◆ **Directions for this task**: With the pictures omitted, output word for word the lines from the one containing "Mit Schlittenhunden nachts" through the end of the records.

(Short descriptive text snippets)
----

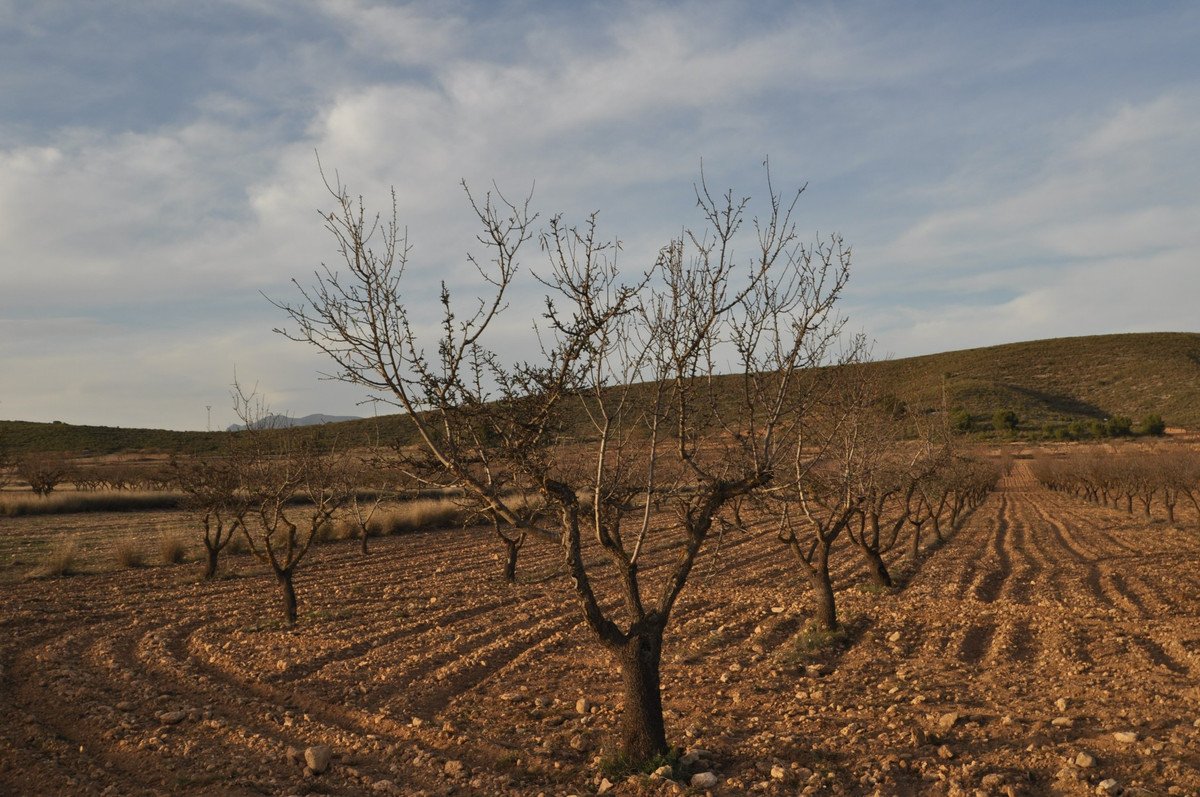 Land in Abanilla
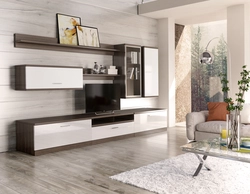 Modular system for living room photo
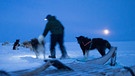 Mit Schlittenhunden nachts in Grönland | Bild: Catherina Conrad 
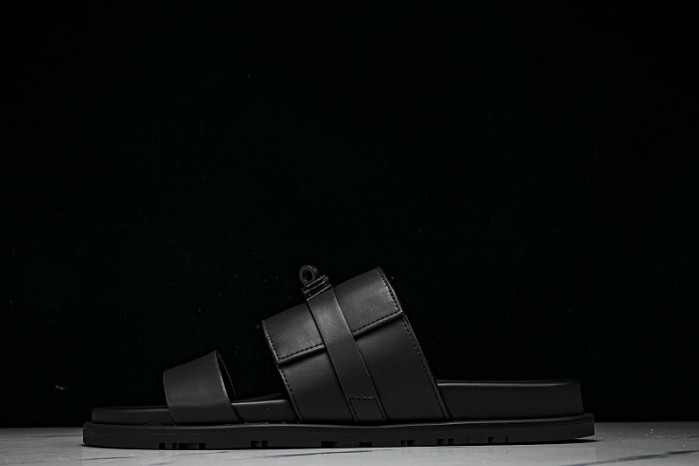 D10r SLIDES DS-098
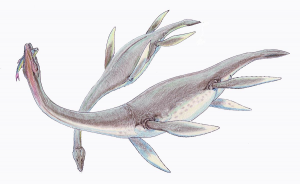 N5plesiosauriojpg — Dinosaurios y Animales Prehistóricos option 26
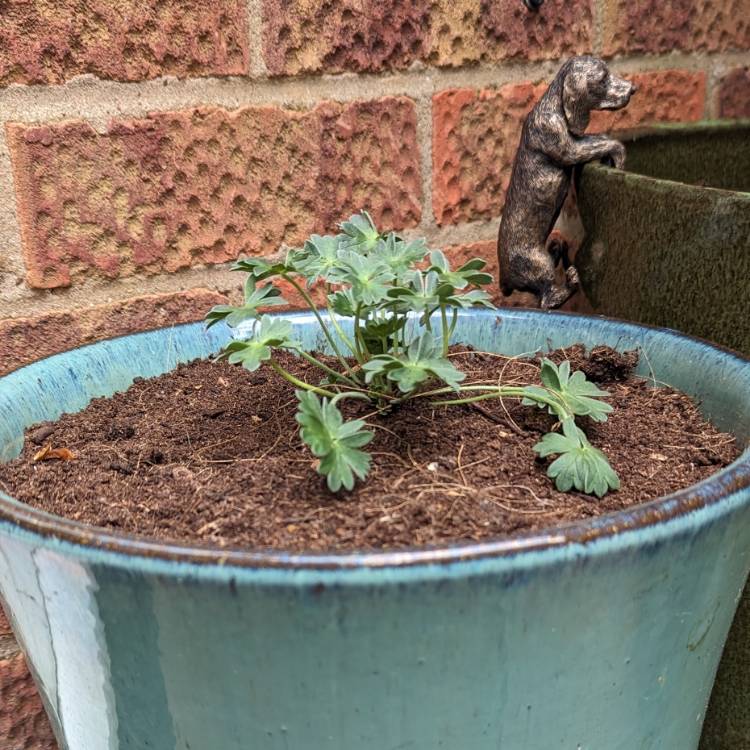 plant image 1719554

----

◆ **Exercise answer**:
 Mit Schlittenhunden nachts in Grönland | Bild: Catherina Conrad 
 D10r SLIDES DS-098
 N5plesiosauriojpg — Dinosaurios y Animales Prehistóricos option 26
 plant image 1719554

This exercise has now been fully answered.